The veneration of martyrs and the growth of pilgrimages stimulated liturgical elaboration. Great centres (Jerusalem and Rome, in particular) became models for others, which encouraged regional standardization and cross-fertilization. Though the pattern of the eucharistic liturgy was settled by the 4th century, there were many variant forms, especially of the central prayer called by the Greeks anaphora (“offering”) and by the Latins canon (“prescribed form”). Liturgical prayers of Basil of Caesarea became widely influential in the East. Later, liturgies were ascribed to local saints: Jerusalem’s to St. James, Alexandria’s to St. Mark, and Constantinople’s to John Chrysostom. The spirit of Greek liturgies encouraged rich and imaginative prose. Latin style was restrained, with epigrammatic antitheses; and the Roman Church changed from Greek to Latin about ad 370. The Canon of the Latin mass as used in the 6th century was already close to the form it has since retained.

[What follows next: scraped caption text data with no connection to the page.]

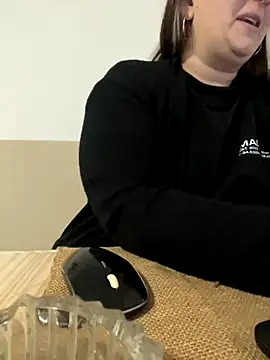 Popinasq online show from November 2025 09:19:02 PM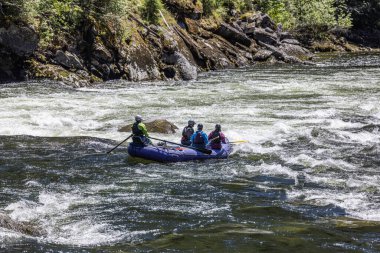 Koskia, Idaho / ABD - 22 Haziran 2022: Rafterler çok yağışlı bir kış ve 2021 / 2022 ilkbaharından sonra Lochsa nehrinin yüksek sularının keyfini çıkarıyorlar.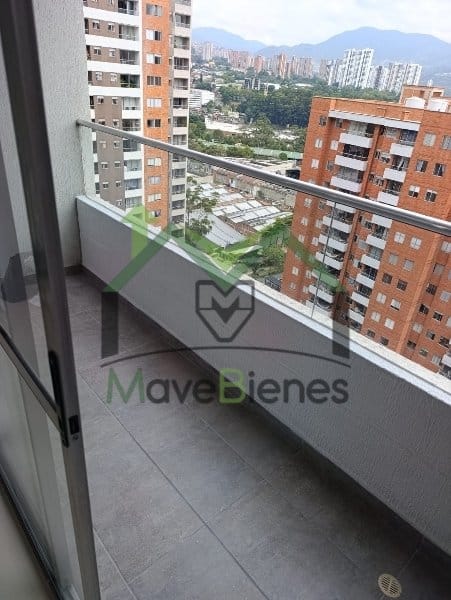 Apartamento de 3 alcobas en arriendo en Prados De Sabaneta, Sabaneta · foto 5 de 16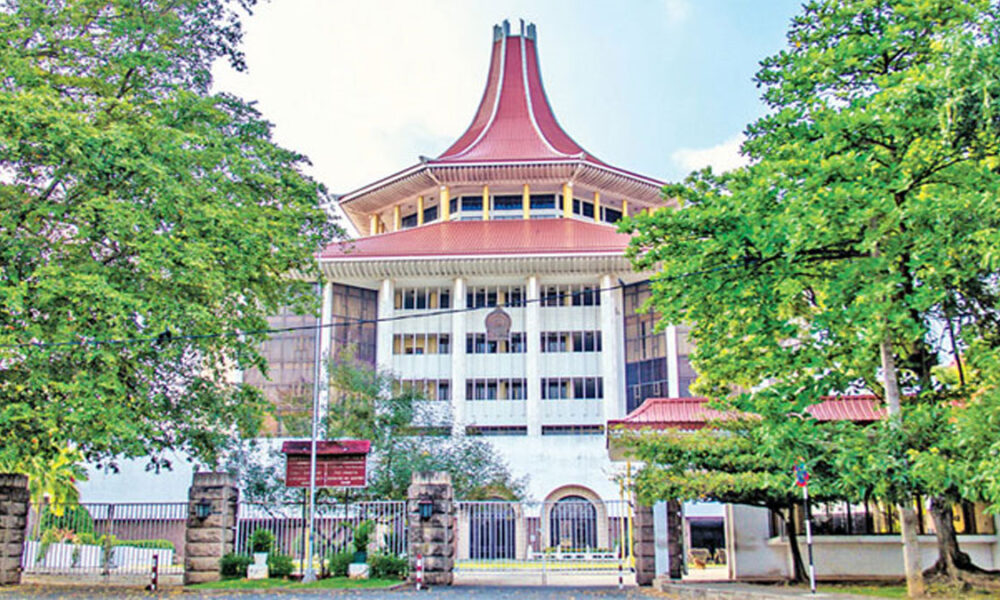 22 වැනි ආණ්ඩුක්‍රම ව්‍යවස්ථා සංශෝධනයට එරෙහි පෙත්සම් සලකා බැලීම හෙට 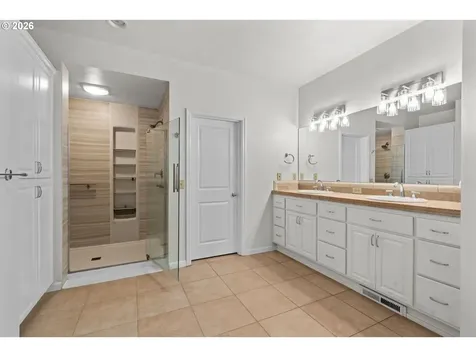 2838 Martinique Avenue Eugene OR 97408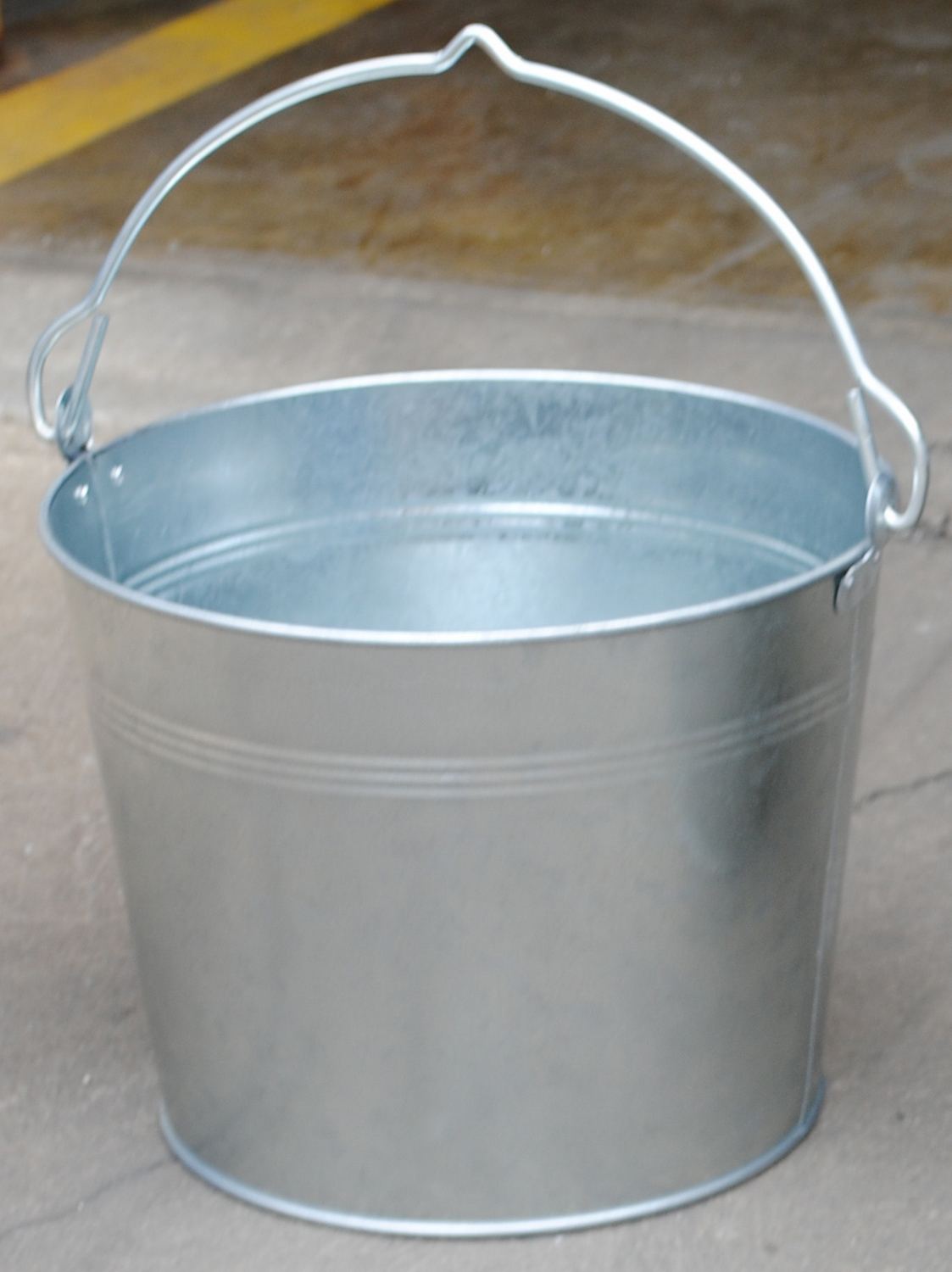 Vestil Manufacturing Corp Galvanized, Stainless Steel, & Bronze Buckets– – Now available at MTN Shop US. - imagen 4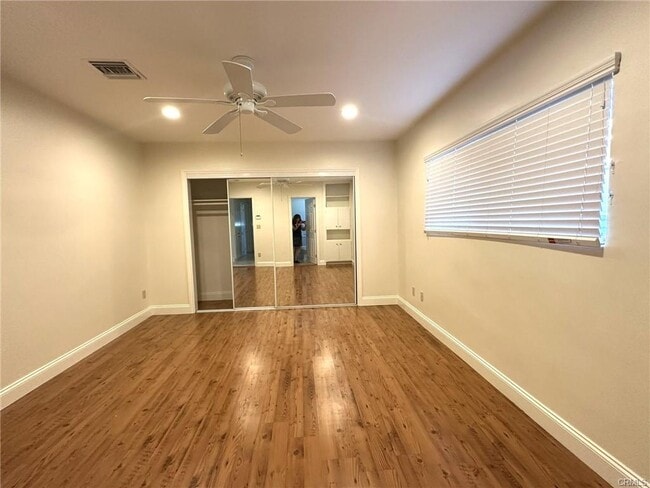 Building Photo - 16830 Wyandotte St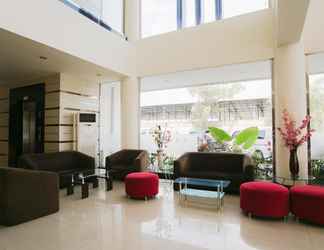 Lobby 2 Halogen Hotel Airport Surabaya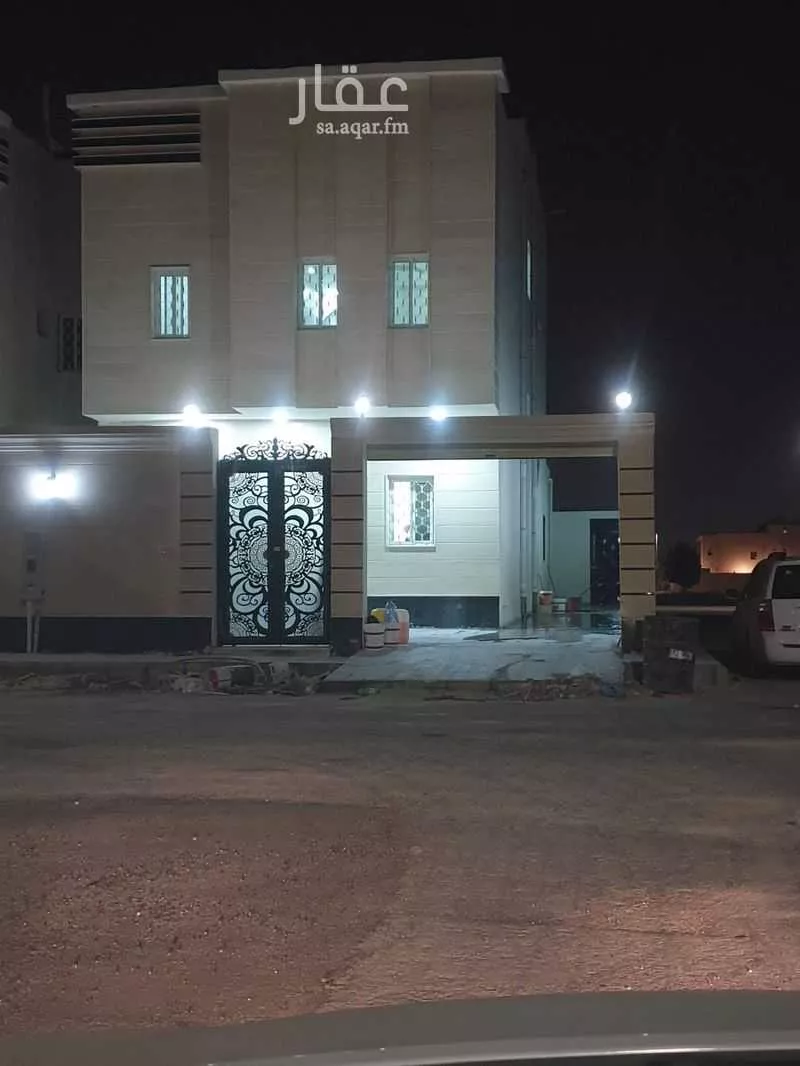 فيلا 6 غرف في ضاحية الملك فهد 7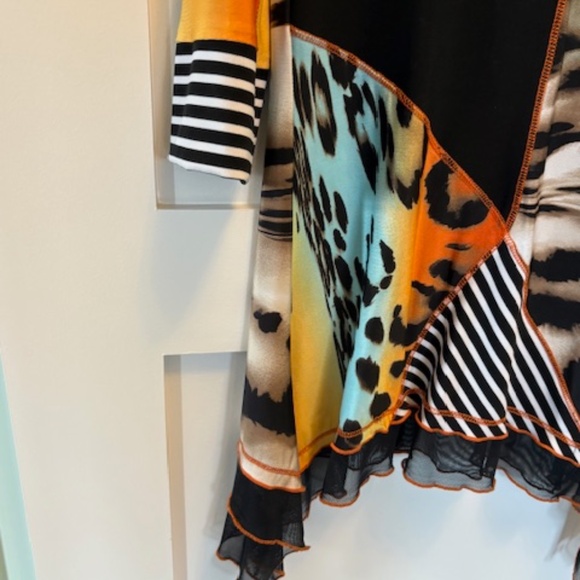 FRANK LYMAN long top/tunic sz US/CAN 4 multicolour animal print ruffled hem - Picture 10 of 15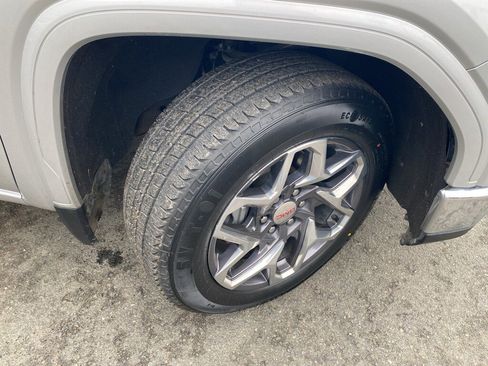 Used 2022 GMC Sierra 1500 SLT w/ SLT Premium Plus Package image 6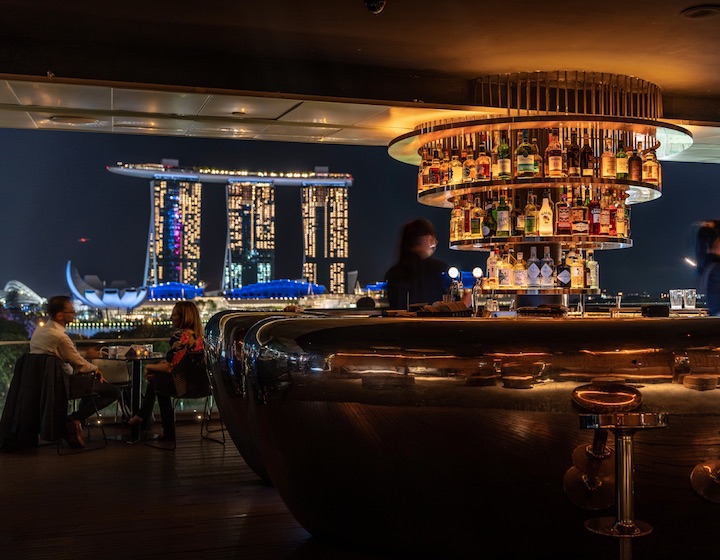 restaurant and rooftop bar in singapore affordable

Music also became elaborate, with antiphonal psalm chanting. Some reaction came from those who believed that the music was obscuring the words. Both Athanasius of Alexandria and Augustine defended music on the condition that the sense of the words remained primary in importance. The Latin theologians Ambrose of Milan, Prudentius, and Venantius Fortunatus provided Latin hymns of distinction. The ascription of the Roman chants (Gregorian) to Pope Gregory I the Great was first made in the 9th century. In the Greek East in the time of Justinian, Romanos Melodos created the kontakion, a long poetic homily.

The development of church architecture was stimulated by Constantine’s great buildings at Jerusalem and Rome, and his example as a church-builder was emulated by his successors, most notably by Justinian in the 6th century. The exteriors of these churches remained simple, but inside they were richly ornamented with marble and mosaic, the decoration being arranged on a coherent plan to represent the angels and saints in heaven with whom the church on earth was joining for worship. An enormous number of churches built in and after the 4th century have been excavated. The outstanding buildings that survive largely intact, Hagia Sophia at Constantinople (now Istanbul) and San Vitale at Ravenna in Italy, belong to the age of Justinian.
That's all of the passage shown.